東京オリンピックに伴う建設需要等に対応するため、「技能実習生」を活用する方向で政府が検討に入ったという報道がありました。技能実習生については、何度かこのブログでも書きましたが、制度自体はこういう感じ です。


 これ、とても矛盾があるのです。上記のリンクの表現を使いながら、もう一度書いてみると「東京オリンピックに伴う建設需要等に対応するため、(途上国の)技能実習生へ技能等の移転を図り、その国の経済発展を担う人材育成を行います。」と言っているのです。全く意味が通じません。


 単刀直入に言えば、恐らく求めているのは単純労働者でしょう。そして、日本は単純労働者の受け入れをやりませんから、裏技として「技能実習生」という肩書でやっているだけです。いつまでこんな欺瞞に満ちた制度を維持しているのかと思います。


 この技能実習生制度は、以下の2タイプがあります。


(1) 企業単独型:本邦の企業等(実習実施機関)が海外の現地法人、合弁企業や取引先企業の職員を受け入れて技能実習を実施
(2) 団体監理型:商工会や中小企業団体等営利を目的としない団体(監理団体)が技能実習生を受け入れ、傘下の企業等(実習実施機関)で技能実習を実施


 私は(1)は良いと思うのです。正に技能実習生です。しかし、(2)については怪しいものがたくさんあります。やり方は比較的簡単でして、協同組合や中小企業団体を作ればいいのです。そして、その協同組合等が一旦受け入れるかたちを取れば技能実習生を受け入れることが出来ます。そういう団体の中には、「労働者コスト削減のためにうちの協同組合に入りませんか」と堂々と宣伝しているところもあります。そもそも、制度の本義は労働者コスト削減のはずもありませんが、それが黙認されているのが現状です(本当に技術の移転が主であれば、むしろコスト増要因のはずです。)。


 しかも、制度が複雑なため、それを仕切るJITCOという組織に賛助金を払ってコンサルをしてもらわないと、実質的には研修生を受け入れることが出来ないようになっています。

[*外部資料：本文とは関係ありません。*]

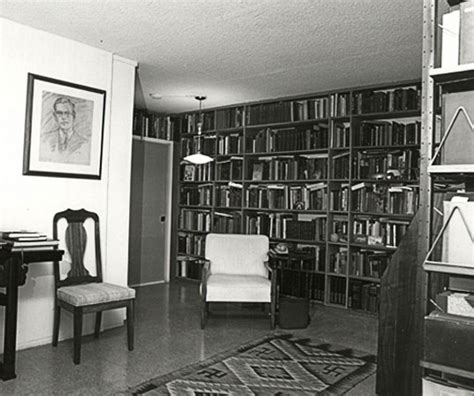 what is the joseph campbell archives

 その実は単純労働者的な雇用をしているところが非常に多いのです。ちょっと前に、広島のカキ打ち現場で研修生が社長を惨殺する事件がありました。知り合いの漁業関係者に聞いてみると、「本国(中国)に帰ってから、カキ打ちをすることは到底想定されない。」ということでした。私もそう思います。


 私は、この技能実習制度は(1)の企業単独型に限定して、それ以外の実質的な単純労働者については、現実を真正面から受け止めて「単純労働者の受け入れ」という制度に変えていくべきだと思います。それによって、現実が大きく何か変わるわけではないでしょうが、研修生という美辞麗句に糊塗された制度にはとても無理があります。2011年までは、(労働者ではない)研修生ということで労働法制すら適用されておらず、現代版蟹工船みたいな世界が問題になっていました。


 「単純労働者の受け入れ」という大きなステップを踏み出すことには勇気が要ります。しかし、人口減少社会ですし、人手が足らない分野が出てくるのであれば、そういう選択をすべき時に来ているのではないかと思います。